Top Pandas Packages And Libraries
Pandas is a awesome package in Python. It is especially used for data science applications. Pandas dataframe data structure is very effective in doing data manipulations. Pandas dataframes support operations such data summarization, aggregation, visualization etc. Check out following resources to learn more about pandas…

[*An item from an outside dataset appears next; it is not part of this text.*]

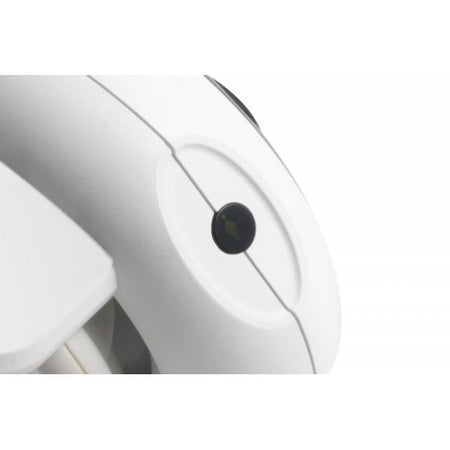 Telecamera Dome FullHD per Interni IR LED E27 PIR, TX-58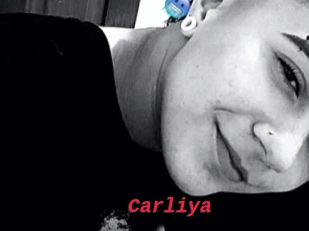 Carliya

https://www.nbshare.io/notebook/823959095/Pivot-Tables-In-Python-Pandas/
https://www.nbshare.io/notebook/703251111/Most-Frequently-Asked-Questions-Python-Pandas-Part1/
https://www.nbshare.io/notebook/17251835/Summarising-Aggregating-and-Grouping-data-in-Python-Pandas/
Pandas in itself is a great library. It has excellent community support. There are lot of packages which have been developed by Python community. In this post, I will go over the list of Pandas packages which everyone should have in his/her tool box.
Pandas-Profiling
Everyone knows df.describe() function which basically summarizes the data for each column and provide some basic stats. Pandas-profiling has taken df.describe() to the next level. It provides following features…
- Detect the types of columns in a dataframe.
- Essentials: type, unique values, missing values
- Quantile statistics like minimum value, Q1, median, Q3, maximum, range, interquartile range
- Descriptive statistics like mean, mode, standard deviation, sum, median absolute deviation, coefficient of variation, kurtosis, skewness
- Most frequent values
- Histogram
- Correlations highlighting of highly correlated variables, Spearman, Pearson and Kendall matrices
- Missing values matrix, count, heatmap and dendrogram of missing values
- Text analysis learn about categories (Uppercase, Space), scripts (Latin, Cyrillic) and blocks (ASCII) of text data.
- File and Image analysis extract file sizes, creation dates and dimensions and scan for truncated images or those containing EXIF information.
Pandas-Datareader
This package does following…
- Remote Data Access - extract stocks data from various online resources
- Caching Queries - saves memory and runs code faster
Qgrid
- This one is great utility if you use Jupyter notebooks. Qgrid embeds an interactive widge in the notebook. Using this widget, one can do interactive scrolling, sorting and filtering on the dataframe.
Feather
- Feather is a dataformat which is especially designed to read and write dataframes faster. I would highly recommend it, if you are dealing with large dataframes.